For a continent already dying under the weight of puerile human capacity development, economic and infrastructural indices, this recent damning profile should shock its leaders into taking drastic action to redeem the health of its people for optimum human capacity advantage.  

As expected, Nigeria’s profile is horrific. The National Policy and Strategic Plan on Ear and Hearing Care (2019-2023), was not inaugurated until 2018 to provide strategic direction for EHC over the next five years, and to ensure the continuous advancement of EHC in Nigeria. Even after the inauguration, there was inadequate political will to fix the hearing loss challenges of the country. A 2021 report by The Sun newspaper says close to three years after the policy was put together, it had yet to be implemented.
The NPSPEHC document further reveals, “There is about one ENT specialist per 500,000 persons in Nigeria―that is 380 ENT Specialists—as against the WHO recommended ratio of 1 to 25,000. Similarly, Nigeria has one clinical audiologist per 50 million persons and one speech pathologist per 65 million persons amounting to merely four clinical audiologists and three speech pathologists in the whole of the country.”

This horrendous situation and the hopeless profile of Nigeria’s health sector as one of the worst globally in preventable health situations are pointers to the fact that, though yet to be declared, the health sector is already in an emergency situation. 

A huge population of Nigerians have hearing loss without realising it as our motor parks, churches, mosques, clubs, and other public places are homes of noise pollution. Experts say a large percentage of newborns also suffer hearing loss as the nation does not carry out pre-natal screening on them within the first 48 hours of birth.

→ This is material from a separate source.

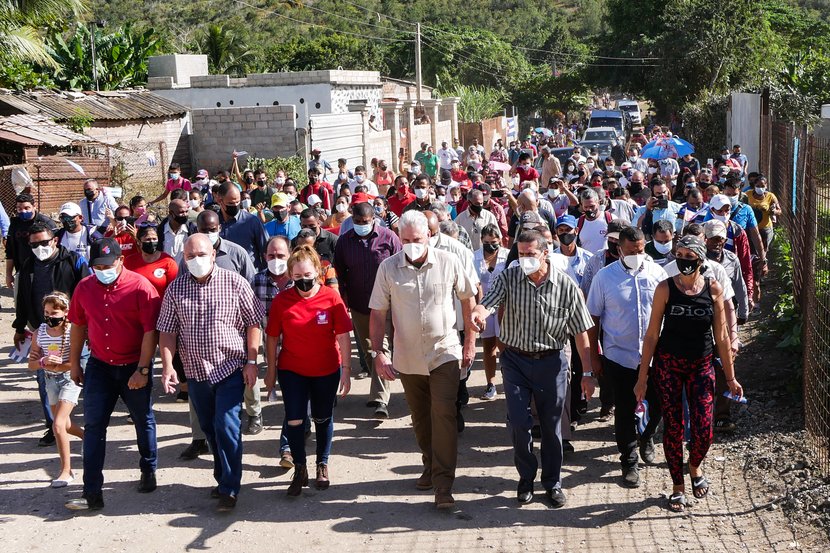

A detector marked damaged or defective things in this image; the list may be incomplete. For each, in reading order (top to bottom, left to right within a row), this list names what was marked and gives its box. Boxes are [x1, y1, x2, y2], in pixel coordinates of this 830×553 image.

rusty metal roof [0, 89, 188, 121]
rusty metal roof [0, 113, 108, 147]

There should be collaborative efforts between the government and the private sector to mobilise adequate resources to arrest this ugly situation. There should also be sufficient and coordinated advocacy strategy to sensitise people to detect early signs of hearing loss, especially among children, and take urgent action to correct them. Stringent efforts must be made by the government to make pre-natal and other screening equipment and adequate trained personnel available while also regulating noise pollution.

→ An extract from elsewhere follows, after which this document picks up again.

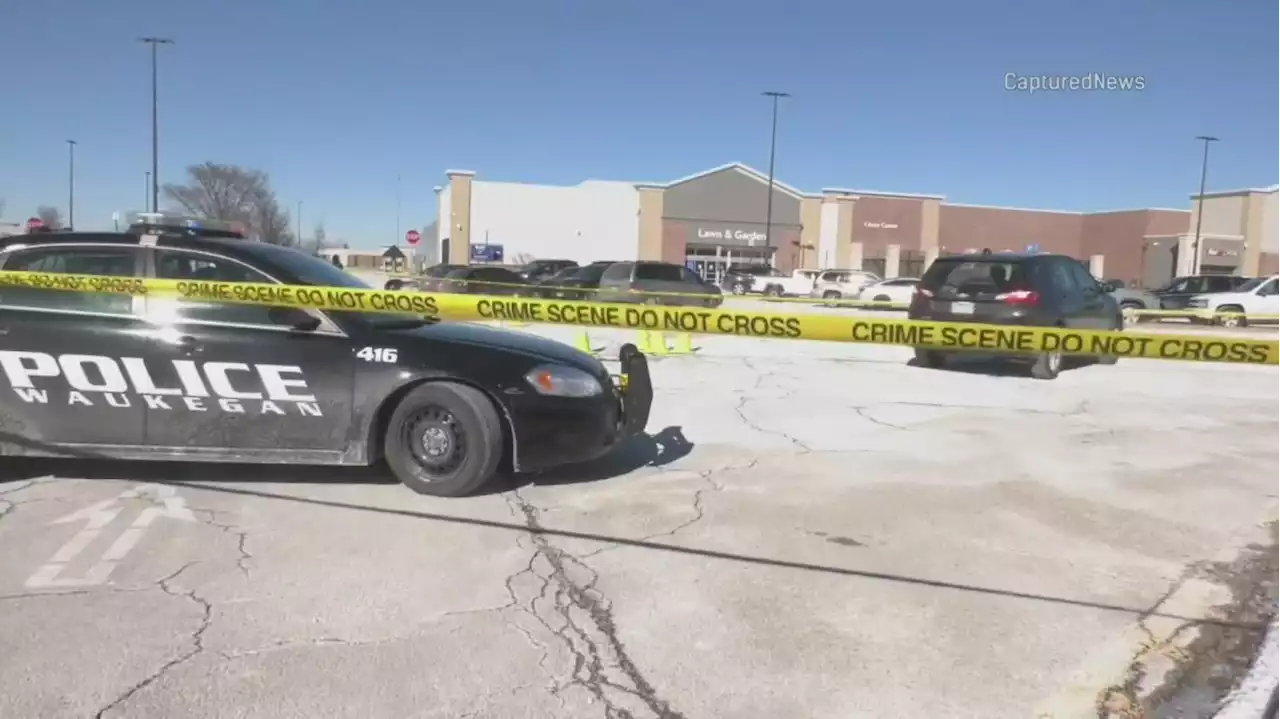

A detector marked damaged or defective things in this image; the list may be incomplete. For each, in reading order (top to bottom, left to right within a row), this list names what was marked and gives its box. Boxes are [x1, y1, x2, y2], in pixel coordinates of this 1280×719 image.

The three tiers of government must set up hearing units at healthcare facilities in rural and urban areas, especially schools and workplaces. There should be a strategic move by the government to put attractive measures in place to bring back ENT and other health specialists who have departed the country for greener pastures. 

African governments, regional and sub-regional organisations must have workable programmes to correct hearing loss and its accompanying huge effects on the continent given its personal and socio-economic consequences for Africa.